The 3′ UTR of eukaryotic transcripts, which hosts miRNA target sites, runs from the stop codon to the poly(A) site, where pre-mRNAs are cleaved and polyadenylated. In about half of human genes, several poly(A) sites are present, resulting in transcript isoforms with 3′ UTRs of different lengths produced from a single gene [9–11]. We questioned in this study whether expression levels would be affected when certain isoforms contain a microRNA target while others do not. Such a situation arises when a miRNA target is located downstream of the first poly(A) site, resulting in “long” isoforms containing the target and “short” target-free isoforms. Expressed sequence tag (EST) data are particularly well suited for such alternate transcript analysis, since a very large number of 3′ ESTs have been produced that extensively cover poly(A) site variations.

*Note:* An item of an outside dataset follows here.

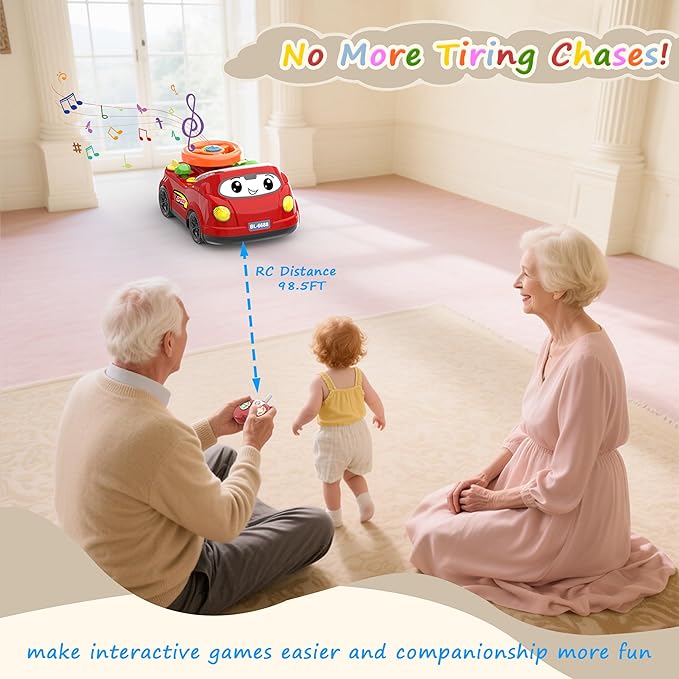 2-in-1 Toddler RC Car & Steering Wheel Toy with Music | Interactive Simulation Driving Adventure Toy for 18+ Months Baby Learning | Gift for 1.5+ Years Old Boys Girls-BubblyBeeBaby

We carried out a systematic examination of 3′ UTRs containing multiple EST-supported poly(A) sites, looking for known miRNA targets and other phylogenetically conserved motifs. We grouped together genes containing an identical conserved motif located downstream of the first poly(A) site and, based on EST counts and EST library information, we assessed whether motif-containing and motif-free isoforms were differentially represented in specific tissues. We describe an application of this strategy to miR-1 and miR-124, the miRNAs first reported to cause tissue-specific transcript repression . Encouraging results led us to apply the same principle on a larger scale. Analyzing the 312 highest-ranking motifs, we observed a significant enrichment in known miRNA targets and other regulatory elements, indicating that this principle may be exploited as a screen for motifs involved in transcript downregulation.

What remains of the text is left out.